Founded in 2006, Zillow is a housing market tracking app that allows users to monitor the values of homes for sale. Per the order, until 2018, Zillow made the lion’s share of its revenue through advertising and referral fees for matching prospective buyers with and sellers with real estate agents and brokers.
In April 2018, Zillow entered the “iBuyer” market, in which companies use algorithms and machine learning to buy and resell homes quickly, with the goal of accelerating their growth. They called this offshoot Zillow Offers.
When Zillow Offers entered the market, they were behind some of their competitors who had entered the iBuyer market years earlier, according to the court; however, returning CEO and defendant Richard Barton set an aggressive goal of $20 billion in revenue over five years through buying and selling 5,000 homes per month. In February 2021, they announced a new Zestimate offer program, in which algorithms would generate an initial purchase offer from Zillow to homeowners.
Things did not go according to plan, court documents allege. In June 2021, Zillow missed their inventory-acquisition targets due to the algorithms “under-modeling” the level of home appreciation. As a result, they issued a press release stating algorithmic improvements to Zestimate promising quicker and more accurate predictions of value. Jaeger alleges this was a lie to cover up Project Ketchup, a campaign in which Zillow offered significantly more than Zestimate would suggest in order to rapidly acquire new houses.

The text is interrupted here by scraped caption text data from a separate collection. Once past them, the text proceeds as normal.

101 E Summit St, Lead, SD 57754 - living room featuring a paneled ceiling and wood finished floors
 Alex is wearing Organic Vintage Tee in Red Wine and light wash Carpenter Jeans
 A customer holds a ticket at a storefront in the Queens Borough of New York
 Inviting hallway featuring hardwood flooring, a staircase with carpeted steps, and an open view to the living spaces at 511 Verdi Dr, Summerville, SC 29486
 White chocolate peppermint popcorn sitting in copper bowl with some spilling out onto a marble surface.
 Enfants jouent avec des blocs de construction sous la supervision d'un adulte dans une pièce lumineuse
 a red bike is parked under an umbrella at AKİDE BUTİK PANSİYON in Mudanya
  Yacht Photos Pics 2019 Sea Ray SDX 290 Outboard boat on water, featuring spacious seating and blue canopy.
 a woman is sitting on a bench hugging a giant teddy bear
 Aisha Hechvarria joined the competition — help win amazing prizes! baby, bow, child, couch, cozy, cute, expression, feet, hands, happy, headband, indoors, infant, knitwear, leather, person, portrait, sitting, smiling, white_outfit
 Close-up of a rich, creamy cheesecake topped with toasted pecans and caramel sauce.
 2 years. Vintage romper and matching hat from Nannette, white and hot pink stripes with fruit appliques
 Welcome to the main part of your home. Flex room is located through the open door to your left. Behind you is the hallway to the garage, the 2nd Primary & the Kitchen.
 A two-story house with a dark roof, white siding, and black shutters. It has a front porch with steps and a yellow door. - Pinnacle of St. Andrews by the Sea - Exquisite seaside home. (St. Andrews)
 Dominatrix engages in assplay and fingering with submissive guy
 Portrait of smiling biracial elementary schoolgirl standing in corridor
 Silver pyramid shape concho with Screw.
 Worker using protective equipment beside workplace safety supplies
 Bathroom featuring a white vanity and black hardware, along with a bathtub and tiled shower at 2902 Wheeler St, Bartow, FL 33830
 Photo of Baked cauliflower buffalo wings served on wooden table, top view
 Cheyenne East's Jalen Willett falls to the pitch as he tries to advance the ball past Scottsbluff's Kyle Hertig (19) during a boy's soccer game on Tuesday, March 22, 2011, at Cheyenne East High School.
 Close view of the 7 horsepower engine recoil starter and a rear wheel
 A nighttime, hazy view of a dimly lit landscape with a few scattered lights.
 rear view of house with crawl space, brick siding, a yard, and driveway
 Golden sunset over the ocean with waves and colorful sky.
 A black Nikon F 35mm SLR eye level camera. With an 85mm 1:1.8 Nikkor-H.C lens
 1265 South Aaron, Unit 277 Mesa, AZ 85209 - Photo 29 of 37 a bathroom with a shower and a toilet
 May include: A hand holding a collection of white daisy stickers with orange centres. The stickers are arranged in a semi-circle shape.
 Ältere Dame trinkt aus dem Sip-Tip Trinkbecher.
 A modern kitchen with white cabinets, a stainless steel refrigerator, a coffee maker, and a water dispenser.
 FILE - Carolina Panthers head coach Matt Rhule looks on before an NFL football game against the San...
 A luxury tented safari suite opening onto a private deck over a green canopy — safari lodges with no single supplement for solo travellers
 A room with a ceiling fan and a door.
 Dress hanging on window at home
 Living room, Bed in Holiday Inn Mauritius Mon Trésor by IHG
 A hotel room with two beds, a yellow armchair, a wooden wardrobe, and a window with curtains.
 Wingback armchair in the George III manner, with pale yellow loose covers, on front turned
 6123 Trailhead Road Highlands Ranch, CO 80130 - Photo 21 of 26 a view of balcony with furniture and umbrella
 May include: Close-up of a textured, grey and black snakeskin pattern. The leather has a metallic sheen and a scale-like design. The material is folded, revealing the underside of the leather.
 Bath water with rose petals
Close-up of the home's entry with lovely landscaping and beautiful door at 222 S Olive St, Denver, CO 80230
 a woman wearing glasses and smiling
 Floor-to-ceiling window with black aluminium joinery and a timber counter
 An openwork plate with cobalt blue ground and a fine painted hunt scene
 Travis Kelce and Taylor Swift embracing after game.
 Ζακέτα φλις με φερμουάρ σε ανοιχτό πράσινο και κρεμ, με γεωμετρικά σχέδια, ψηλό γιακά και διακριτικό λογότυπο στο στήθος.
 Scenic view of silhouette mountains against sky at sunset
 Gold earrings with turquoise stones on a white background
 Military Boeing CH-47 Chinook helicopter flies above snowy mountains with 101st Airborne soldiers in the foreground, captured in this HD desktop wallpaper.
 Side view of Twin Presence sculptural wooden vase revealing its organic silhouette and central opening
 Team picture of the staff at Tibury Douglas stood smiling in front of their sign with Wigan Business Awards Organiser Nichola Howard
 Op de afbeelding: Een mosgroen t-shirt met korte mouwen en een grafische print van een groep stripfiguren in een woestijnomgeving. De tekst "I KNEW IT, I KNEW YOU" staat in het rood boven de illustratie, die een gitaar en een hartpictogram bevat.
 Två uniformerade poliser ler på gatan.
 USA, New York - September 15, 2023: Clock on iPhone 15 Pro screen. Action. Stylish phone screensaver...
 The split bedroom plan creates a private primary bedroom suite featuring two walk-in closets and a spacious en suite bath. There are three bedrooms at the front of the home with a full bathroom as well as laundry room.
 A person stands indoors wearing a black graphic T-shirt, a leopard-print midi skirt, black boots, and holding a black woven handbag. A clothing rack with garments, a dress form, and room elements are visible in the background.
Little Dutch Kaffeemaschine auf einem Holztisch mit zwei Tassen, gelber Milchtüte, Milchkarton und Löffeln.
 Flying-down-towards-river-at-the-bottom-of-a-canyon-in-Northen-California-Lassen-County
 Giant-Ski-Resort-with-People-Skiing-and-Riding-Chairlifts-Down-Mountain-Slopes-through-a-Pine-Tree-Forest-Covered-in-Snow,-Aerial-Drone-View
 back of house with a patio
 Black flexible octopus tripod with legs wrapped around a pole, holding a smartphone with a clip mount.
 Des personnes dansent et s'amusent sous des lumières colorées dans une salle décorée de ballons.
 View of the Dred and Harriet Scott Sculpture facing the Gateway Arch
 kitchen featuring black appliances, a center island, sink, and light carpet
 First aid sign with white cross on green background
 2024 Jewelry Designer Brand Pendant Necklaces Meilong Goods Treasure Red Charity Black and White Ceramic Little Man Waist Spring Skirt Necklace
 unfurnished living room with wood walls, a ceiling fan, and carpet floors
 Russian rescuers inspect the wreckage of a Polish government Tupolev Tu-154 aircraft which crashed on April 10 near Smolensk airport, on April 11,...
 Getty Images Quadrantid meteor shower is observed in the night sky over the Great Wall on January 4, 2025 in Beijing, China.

But, according to court filings, Zillow could not keep up – statements from financial executives cited by the plaintiff describe how this massive purchasing spree cut into Zillow’s profits, so to make up the difference they attempted to reduce spending on their renovating contractors. As a result, contractors deprioritized Zillow’s projects and even refused to take them on. Thus Zillow acquired more homes than they could sell.
Between October 18, 2021, and November 3, 2021, Zillow issued corrective statements on their underperforming expectations, and their stock value plummeted.
Jaeger, on behalf of his proposed class, alleges Zillow and its executives misled the public about the actual goings-on of Zillow Offers leading investors to lose value when this underperformance was revealed. Zillow then moved to dismiss all charges.
Judge Zilly, of the Western District of Washington, denied this motion excepting one statement. He found that all the other challenged statements met the plausibility standard, were not protected by the safe harbor clause, and sufficiently demonstrated scienter, and loss causation.
The one statement that was dismissed concerns an interaction between Piper Sandler analyst Thomas Steven Champion and Zillow’s Chief Operating Officer Jeremy Wacksman. The court objected to Zillow’s arguments that certain key phrases like “we expect” or “going to be” automatically render a statement within the purview of safe harbor, yet Judge Zilly did find the interaction as a whole was forward-looking and protected by the safe harbor clause. The order provides leave to amend, though doubts the plaintiffs can successfully do so.
The lead plaintiff is represented by Hagens Berman Sobol Shapiro LLP and Kessler Topaz Meltzer & Check, LLP. The defendants are represented by Skadden, Arps, Slate, Meagher & Flom LLP and Perkins Coie LLP.